Additionally, managers often give cultural explanations, arguing that Indian industriousness is a product of the culture's emphasis on education.
One manager speaks admiringly of the 'Indian psyche'.
In call centers, at least, gains in productivity may have less to do with age, motivation, or cultural inheritance than with an accelerated work pace and technologically induced efficiency.
Larger call centers use automated dialing technology, through which numbers are dialed automatically and workers are fed only live calls.
According to one manager, the rate of calls is variable: On average an American worker might have 45 seconds to one minute between calls, whereas an Indian worker would have only 5 to 10 seconds. By eliminating "idle time," nominal working hours remain the same but real working hours are lengthened.
'There isn't a break after every call'
According to call centre executives, they get barely few seconds between two calls
One worker, Adnan, says that in a day they handle about 200 250 calls, of which 80 90 last a minute and 50 60 last between three and five minutes.
"It's a source of stress. You don't have a long gap after every call," Adnan says. His coworker, Preethi, adds, "It's seconds. There isn't a break after every call, though I would rather do an 8-hour than 10-hour shift with longer breaks."
Busy hours do not preclude an extension of the workday when necessary. A former worker complained that her shifts occasionally extended from the required 8 to 10 hours and that she handled hundreds of calls daily.
Workers also complain about not receiving their promised salaries.
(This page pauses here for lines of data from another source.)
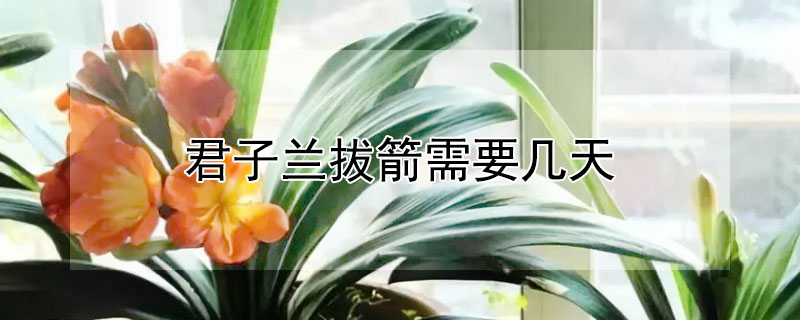 君子兰拔箭需要几天（君子兰拔箭需要温差吗）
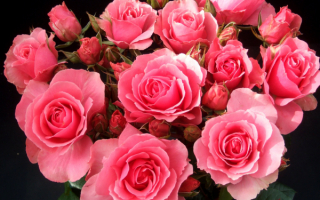 Красивый розовый букет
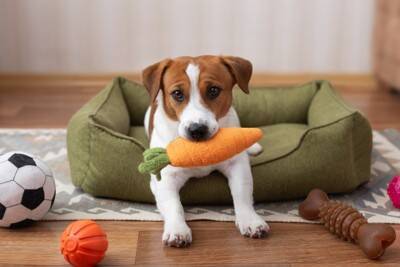 犬が不安になってしまう『留守番環境』５選　外出前に必ずすべき安全対策とは？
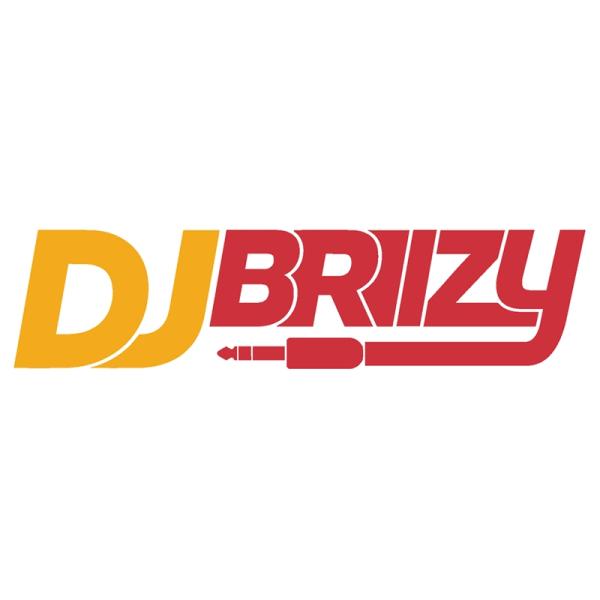 DJ BRI LLC
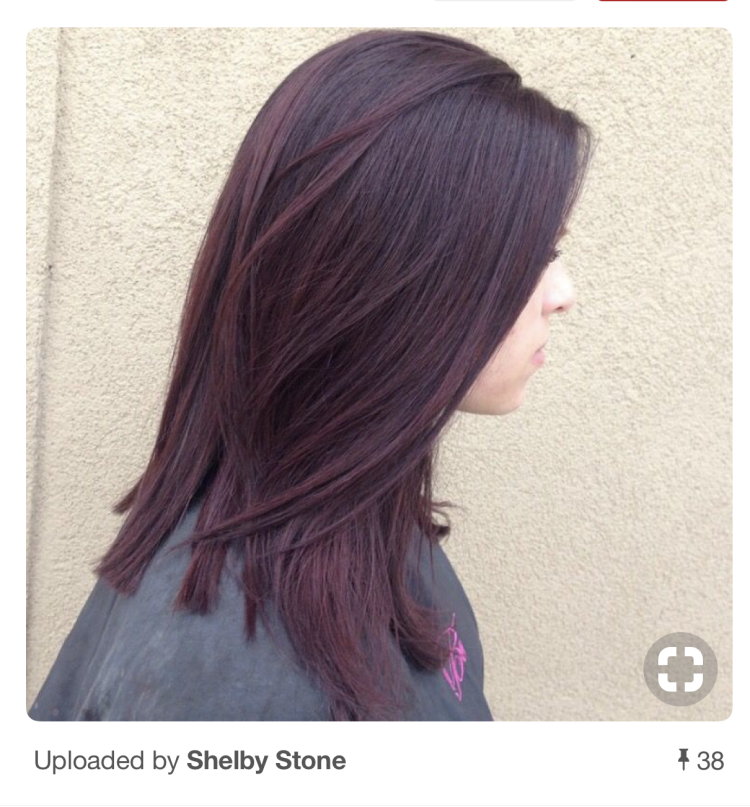 Каштановый с фиолетовым Отт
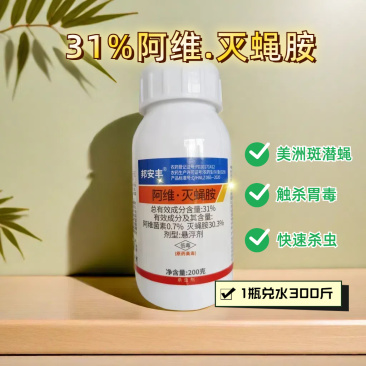 31%阿维灭蝇胺美洲斑潜蝇地图虫鬼画符潜叶蝇果实蝇农药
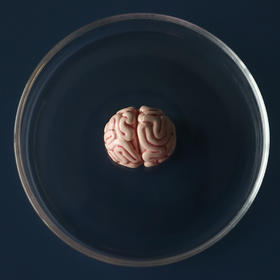 七口『大脑』 ｜手绘黏土软陶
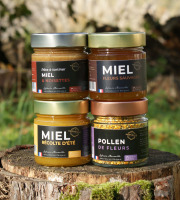 Merveille Apiculture - Coffret Miel - Noisettes -pollen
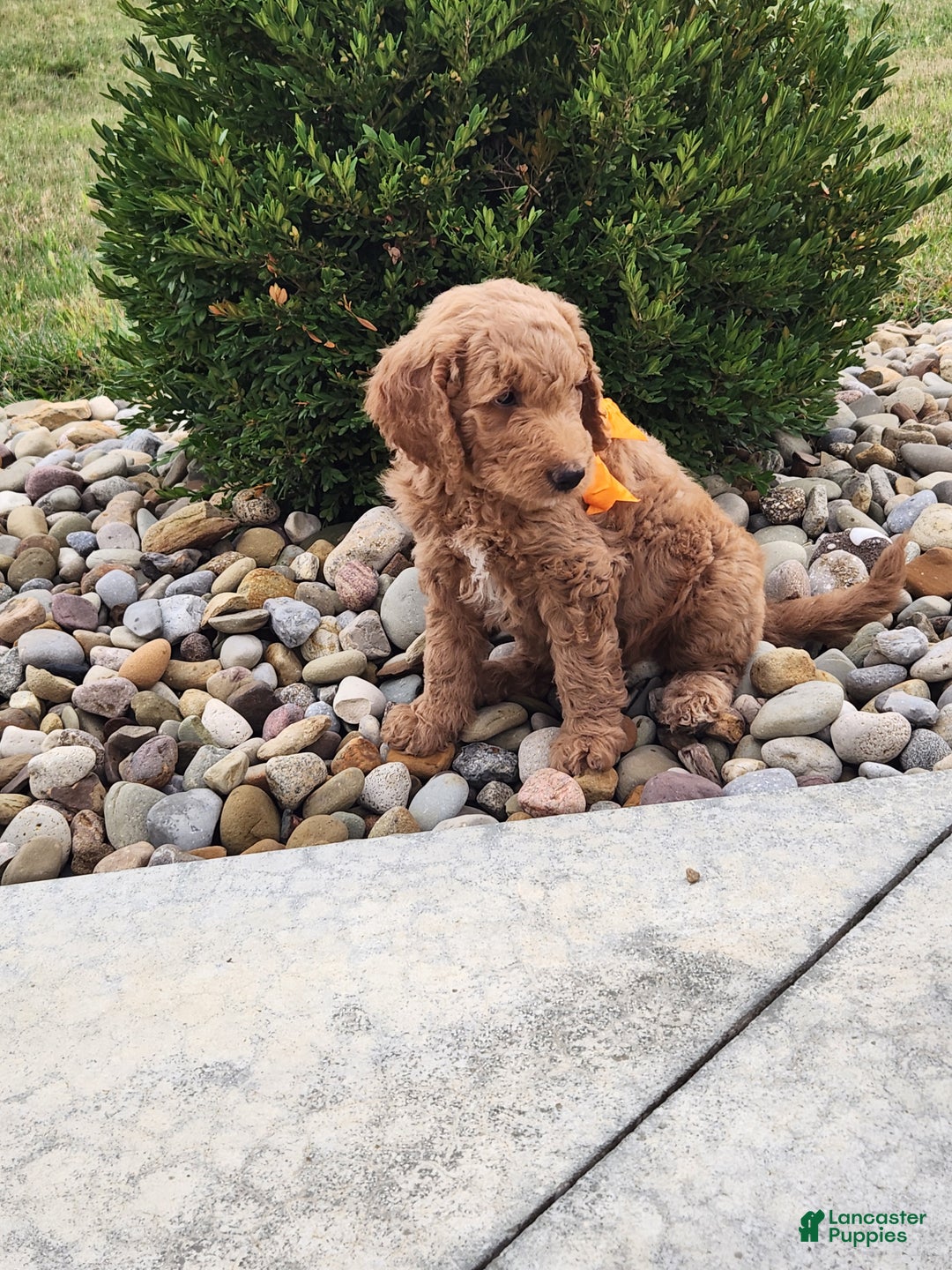Goldendoodle dogs for sale: Daisy - Ad 18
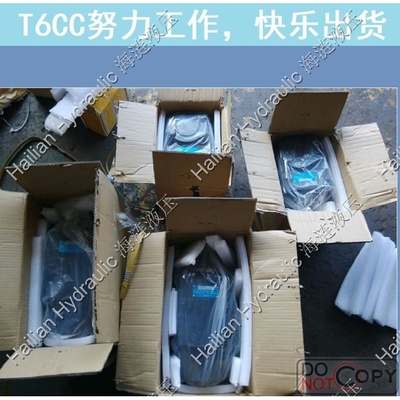 Denison T6CC系列丹尼逊双联泵叶片泵船舶锚机吊机油泵液压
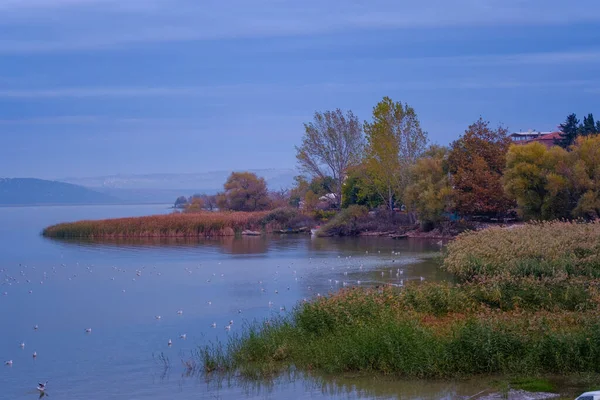 Canne Alberi Margini Del Lago — Foto Stock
Managers respond that this is because a large portion of one's 'salary' comes in the form of incentives, which are based on performance and adherence to predefined parameters.
Two major components relevant to our argument are talk time (the quicker you can dispatch a customer the better) and the intervals between calls (a matter of seconds). The result is an internalisation of time-discipline, which is manifested in a psychological pressure to perform.
"If I can't achieve targets, it leads to an in-built stress. We know what we have to do every day. It's our own mind telling us, 'You have to do it'. The only thing we do is talk, talk, talk. We have about two seconds for the next call. Sometimes, though, you do have a long break. Those are the times we party," says Preethi, looking at Adnan, who is looking at a coworker who is looking out the window.
Yet even breaks are a matter of dispute. Despite the bright furnishings and the game rooms, the conditions of work can be exacting.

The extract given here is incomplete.